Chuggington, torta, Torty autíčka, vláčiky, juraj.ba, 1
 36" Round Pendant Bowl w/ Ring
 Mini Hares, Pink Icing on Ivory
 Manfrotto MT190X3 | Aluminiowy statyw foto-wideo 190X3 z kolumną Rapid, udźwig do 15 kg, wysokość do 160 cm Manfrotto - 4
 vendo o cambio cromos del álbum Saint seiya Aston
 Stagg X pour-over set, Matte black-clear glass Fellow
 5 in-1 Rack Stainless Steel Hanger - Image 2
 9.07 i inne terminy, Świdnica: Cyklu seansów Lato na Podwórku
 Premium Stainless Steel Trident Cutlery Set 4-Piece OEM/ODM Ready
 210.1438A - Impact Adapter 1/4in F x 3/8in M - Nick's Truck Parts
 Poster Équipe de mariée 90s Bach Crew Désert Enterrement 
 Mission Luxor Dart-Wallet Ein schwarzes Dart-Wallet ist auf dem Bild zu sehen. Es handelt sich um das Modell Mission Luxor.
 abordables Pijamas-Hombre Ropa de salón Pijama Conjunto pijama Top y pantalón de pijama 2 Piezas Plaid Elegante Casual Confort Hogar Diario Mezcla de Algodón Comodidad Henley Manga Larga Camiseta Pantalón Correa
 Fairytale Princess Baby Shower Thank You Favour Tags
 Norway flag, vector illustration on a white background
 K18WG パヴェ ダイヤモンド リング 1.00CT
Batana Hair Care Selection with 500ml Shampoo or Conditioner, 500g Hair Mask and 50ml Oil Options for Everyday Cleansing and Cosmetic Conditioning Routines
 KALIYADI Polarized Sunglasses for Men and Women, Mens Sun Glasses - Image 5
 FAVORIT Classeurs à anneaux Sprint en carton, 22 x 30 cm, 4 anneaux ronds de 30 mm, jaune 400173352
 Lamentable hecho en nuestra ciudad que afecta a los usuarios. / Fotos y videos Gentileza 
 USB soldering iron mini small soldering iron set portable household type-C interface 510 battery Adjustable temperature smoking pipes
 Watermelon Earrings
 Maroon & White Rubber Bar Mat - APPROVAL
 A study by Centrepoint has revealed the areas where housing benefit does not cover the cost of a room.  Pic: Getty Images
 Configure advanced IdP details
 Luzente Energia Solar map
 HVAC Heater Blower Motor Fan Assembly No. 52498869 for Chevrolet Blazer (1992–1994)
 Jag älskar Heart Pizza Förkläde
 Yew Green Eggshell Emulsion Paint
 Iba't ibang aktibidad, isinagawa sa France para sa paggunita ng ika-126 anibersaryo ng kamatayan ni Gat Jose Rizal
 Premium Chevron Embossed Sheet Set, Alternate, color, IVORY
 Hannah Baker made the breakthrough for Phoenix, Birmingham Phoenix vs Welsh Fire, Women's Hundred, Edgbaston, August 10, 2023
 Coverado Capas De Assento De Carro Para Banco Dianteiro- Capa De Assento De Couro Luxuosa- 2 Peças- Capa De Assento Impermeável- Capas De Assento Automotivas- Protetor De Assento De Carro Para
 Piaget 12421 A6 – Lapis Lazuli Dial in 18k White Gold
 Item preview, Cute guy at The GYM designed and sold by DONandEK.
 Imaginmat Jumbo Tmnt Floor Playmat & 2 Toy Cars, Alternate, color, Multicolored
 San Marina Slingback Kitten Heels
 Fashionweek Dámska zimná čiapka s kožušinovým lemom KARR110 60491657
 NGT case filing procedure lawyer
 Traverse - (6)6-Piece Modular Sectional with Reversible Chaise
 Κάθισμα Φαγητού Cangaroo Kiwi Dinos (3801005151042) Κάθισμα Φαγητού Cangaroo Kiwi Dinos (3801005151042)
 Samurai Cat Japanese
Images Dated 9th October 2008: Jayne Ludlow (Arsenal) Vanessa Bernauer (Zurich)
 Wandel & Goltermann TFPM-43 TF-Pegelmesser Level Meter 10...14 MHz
========================================================================
What lines of the data include the word "with"? Copy each of them.

Batana Hair Care Selection with 500ml Shampoo or Conditioner, 500g Hair Mask and 50ml Oil Options for Everyday Cleansing and Cosmetic Conditioning Routines
 Traverse - (6)6-Piece Modular Sectional with Reversible Chaise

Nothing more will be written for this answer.